Problem statement =
Reproduce exactly the lines that run from the start of the records below to the line with "Edgy Skull Graphic T-Shirt - Mens Black Tee", inclusive.
*** Opening Dataset content ***
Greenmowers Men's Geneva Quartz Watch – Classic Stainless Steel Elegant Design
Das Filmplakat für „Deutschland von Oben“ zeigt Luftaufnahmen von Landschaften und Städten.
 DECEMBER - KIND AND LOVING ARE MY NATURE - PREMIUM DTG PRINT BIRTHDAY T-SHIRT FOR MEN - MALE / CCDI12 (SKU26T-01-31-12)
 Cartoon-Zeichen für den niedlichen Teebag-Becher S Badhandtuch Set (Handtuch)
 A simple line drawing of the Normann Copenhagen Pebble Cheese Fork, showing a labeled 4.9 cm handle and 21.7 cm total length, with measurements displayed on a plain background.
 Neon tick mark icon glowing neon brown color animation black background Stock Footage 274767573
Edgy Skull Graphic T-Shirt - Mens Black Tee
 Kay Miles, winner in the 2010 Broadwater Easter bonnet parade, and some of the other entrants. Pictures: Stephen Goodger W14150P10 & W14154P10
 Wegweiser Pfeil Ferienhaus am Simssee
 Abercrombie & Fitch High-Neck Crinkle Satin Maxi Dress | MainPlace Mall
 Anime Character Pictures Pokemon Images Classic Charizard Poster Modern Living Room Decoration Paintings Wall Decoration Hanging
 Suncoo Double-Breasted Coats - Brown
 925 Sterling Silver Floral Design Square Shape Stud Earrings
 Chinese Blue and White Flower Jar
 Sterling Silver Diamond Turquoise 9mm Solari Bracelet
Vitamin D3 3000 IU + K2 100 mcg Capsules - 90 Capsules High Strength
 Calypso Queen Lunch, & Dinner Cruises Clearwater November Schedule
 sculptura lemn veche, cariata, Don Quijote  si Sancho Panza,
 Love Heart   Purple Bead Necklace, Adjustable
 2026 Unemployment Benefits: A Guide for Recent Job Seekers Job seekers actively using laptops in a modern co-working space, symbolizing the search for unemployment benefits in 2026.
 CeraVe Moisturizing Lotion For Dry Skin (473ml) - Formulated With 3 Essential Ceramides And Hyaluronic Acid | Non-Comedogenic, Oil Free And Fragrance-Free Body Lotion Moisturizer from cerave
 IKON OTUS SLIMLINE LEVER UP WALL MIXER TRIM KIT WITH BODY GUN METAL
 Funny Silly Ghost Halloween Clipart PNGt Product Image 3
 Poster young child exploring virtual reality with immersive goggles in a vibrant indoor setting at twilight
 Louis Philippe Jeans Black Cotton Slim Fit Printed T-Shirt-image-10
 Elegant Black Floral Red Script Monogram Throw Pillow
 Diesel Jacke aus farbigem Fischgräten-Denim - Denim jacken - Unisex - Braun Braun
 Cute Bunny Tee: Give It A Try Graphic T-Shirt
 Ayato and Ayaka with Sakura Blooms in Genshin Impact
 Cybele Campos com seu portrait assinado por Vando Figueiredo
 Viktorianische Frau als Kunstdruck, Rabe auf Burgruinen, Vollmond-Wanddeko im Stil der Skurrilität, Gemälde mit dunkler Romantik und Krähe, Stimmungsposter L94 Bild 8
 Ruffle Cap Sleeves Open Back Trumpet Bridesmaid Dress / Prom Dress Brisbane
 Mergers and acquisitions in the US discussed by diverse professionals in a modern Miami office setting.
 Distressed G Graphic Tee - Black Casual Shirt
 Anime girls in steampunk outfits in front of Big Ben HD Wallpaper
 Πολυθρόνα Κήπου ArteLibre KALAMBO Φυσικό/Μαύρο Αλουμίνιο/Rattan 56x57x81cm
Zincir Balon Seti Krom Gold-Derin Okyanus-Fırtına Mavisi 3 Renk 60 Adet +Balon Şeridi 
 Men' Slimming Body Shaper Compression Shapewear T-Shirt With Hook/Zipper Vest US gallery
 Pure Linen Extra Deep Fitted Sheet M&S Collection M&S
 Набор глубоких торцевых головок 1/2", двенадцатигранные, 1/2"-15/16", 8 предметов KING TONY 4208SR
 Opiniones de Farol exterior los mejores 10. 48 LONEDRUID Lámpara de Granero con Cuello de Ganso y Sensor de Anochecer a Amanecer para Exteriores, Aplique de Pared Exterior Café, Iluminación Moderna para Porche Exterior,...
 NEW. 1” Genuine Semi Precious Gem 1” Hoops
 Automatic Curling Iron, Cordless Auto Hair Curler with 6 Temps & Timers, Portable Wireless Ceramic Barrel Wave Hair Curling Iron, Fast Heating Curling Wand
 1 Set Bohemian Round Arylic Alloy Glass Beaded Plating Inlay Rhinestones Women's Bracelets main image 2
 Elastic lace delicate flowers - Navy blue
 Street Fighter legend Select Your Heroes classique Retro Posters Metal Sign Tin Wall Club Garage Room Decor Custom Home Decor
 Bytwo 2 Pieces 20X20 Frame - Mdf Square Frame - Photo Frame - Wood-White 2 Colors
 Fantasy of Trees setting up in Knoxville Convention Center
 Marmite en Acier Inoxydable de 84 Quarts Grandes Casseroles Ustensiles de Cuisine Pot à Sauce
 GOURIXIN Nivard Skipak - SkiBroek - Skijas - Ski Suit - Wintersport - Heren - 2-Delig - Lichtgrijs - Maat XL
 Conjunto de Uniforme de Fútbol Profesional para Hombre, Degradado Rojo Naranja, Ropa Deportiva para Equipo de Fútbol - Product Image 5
*** Closing Dataset content ***
Result =
Greenmowers Men's Geneva Quartz Watch – Classic Stainless Steel Elegant Design
Das Filmplakat für „Deutschland von Oben“ zeigt Luftaufnahmen von Landschaften und Städten.
 DECEMBER - KIND AND LOVING ARE MY NATURE - PREMIUM DTG PRINT BIRTHDAY T-SHIRT FOR MEN - MALE / CCDI12 (SKU26T-01-31-12)
 Cartoon-Zeichen für den niedlichen Teebag-Becher S Badhandtuch Set (Handtuch)
 A simple line drawing of the Normann Copenhagen Pebble Cheese Fork, showing a labeled 4.9 cm handle and 21.7 cm total length, with measurements displayed on a plain background.
 Neon tick mark icon glowing neon brown color animation black background Stock Footage 274767573
Edgy Skull Graphic T-Shirt - Mens Black Tee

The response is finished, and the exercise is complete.